Gustafson, Pfc Henry L.

Oct. 18, 2011

SOLDIER MISSING FROM KOREAN WAR IDENTIFIED

The Department of Defense POW/Missing Personnel Office announced today that the remains of a U.S. serviceman, missing in action from the Korean War, have been identified and will be returned to his family for burial with full military honors.

Private First Class Henry L. Gustafson, 18, of Cook Ill., will be buried Oct. 22 in West Lebanon, Ind. In late Nov., 1950, Gustafson was assigned to 31st Regimental Combat Team in North Korea, when the division came under attack near Kaljon-ri, near the Chosin Reservoir. The unit was forced to withdraw to a more defensible position near Hagaru-ri, south of the reservoir. Private First Class Gustafson was taken as a prisoner of war by the Communist Forces.

After the 1953 armistice, a surviving POW confirmed that Private First Class Gustafson had been captured by enemy forces, and died from lack of medical care in captivity shortly after being captured.

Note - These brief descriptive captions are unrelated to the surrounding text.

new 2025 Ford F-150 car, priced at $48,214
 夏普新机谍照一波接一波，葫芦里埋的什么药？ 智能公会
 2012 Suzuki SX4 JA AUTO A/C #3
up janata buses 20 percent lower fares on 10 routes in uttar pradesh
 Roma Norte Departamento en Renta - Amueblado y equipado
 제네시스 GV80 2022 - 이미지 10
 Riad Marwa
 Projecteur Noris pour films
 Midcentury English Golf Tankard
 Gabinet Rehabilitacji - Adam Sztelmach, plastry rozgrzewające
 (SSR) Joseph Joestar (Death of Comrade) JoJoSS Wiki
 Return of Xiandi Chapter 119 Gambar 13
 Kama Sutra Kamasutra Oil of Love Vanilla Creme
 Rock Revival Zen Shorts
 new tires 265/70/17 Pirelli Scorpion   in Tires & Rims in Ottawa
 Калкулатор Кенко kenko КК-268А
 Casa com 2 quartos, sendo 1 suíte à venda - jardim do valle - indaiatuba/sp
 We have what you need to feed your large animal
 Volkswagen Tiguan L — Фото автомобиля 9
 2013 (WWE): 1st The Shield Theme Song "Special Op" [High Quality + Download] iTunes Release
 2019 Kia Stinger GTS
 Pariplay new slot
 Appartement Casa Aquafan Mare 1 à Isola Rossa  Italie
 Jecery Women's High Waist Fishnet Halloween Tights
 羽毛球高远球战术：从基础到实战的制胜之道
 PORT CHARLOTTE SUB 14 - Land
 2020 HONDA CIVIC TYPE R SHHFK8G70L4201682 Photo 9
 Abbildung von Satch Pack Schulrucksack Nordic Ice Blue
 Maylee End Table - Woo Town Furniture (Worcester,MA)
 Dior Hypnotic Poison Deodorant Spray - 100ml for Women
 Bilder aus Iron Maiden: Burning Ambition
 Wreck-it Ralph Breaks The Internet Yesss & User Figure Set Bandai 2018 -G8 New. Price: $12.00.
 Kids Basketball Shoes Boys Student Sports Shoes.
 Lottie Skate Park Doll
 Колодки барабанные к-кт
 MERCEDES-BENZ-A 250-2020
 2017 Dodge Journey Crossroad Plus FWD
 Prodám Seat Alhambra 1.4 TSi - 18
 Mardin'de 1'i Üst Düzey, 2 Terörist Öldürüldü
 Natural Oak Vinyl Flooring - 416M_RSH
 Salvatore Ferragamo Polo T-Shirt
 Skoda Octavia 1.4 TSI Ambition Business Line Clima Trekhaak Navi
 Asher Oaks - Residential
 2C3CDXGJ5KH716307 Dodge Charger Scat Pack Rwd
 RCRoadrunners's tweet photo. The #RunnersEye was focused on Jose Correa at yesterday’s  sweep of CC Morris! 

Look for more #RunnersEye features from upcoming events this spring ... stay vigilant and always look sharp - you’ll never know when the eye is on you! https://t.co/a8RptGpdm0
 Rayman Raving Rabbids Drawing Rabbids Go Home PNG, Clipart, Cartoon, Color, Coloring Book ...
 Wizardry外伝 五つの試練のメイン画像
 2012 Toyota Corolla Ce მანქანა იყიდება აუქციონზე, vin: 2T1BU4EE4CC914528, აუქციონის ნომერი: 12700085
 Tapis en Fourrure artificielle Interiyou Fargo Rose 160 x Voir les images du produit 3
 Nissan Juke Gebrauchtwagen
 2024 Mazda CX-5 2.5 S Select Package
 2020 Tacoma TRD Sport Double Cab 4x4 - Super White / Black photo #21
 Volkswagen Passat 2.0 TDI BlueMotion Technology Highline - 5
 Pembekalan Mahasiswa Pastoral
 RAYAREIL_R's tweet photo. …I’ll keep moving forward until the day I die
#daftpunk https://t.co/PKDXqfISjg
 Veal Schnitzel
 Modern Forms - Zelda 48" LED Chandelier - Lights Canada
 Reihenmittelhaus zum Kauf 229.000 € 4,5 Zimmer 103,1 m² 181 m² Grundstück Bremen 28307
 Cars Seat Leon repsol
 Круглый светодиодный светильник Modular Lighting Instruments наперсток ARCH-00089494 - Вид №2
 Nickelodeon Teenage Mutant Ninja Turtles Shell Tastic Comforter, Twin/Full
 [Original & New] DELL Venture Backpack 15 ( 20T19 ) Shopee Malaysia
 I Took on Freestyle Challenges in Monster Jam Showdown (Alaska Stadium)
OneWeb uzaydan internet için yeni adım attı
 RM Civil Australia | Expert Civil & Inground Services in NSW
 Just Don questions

Between 1991 and 1994, North Korea gave the United States 208 boxes of remains believed to contain the remains of 200-400 U.S. servicemen. In the late 1990s and early 2000s, additional human remains were recovered by join U.S./Democratic People’s Republic of Korea teams in North Korea. From these remains the Department was able to identify the remains of Private First Class Gustafson through DNA testing.

Among other forensic identification tools and circumstantial evidence, scientists from the Joint POW/MIA Accounting Command and the Armed Forces DNA Identification Laboratory also used dental comparisons and mitochondrial DNA – which matched that of Private First Class Gustafson’s mother—in the identification of the remains.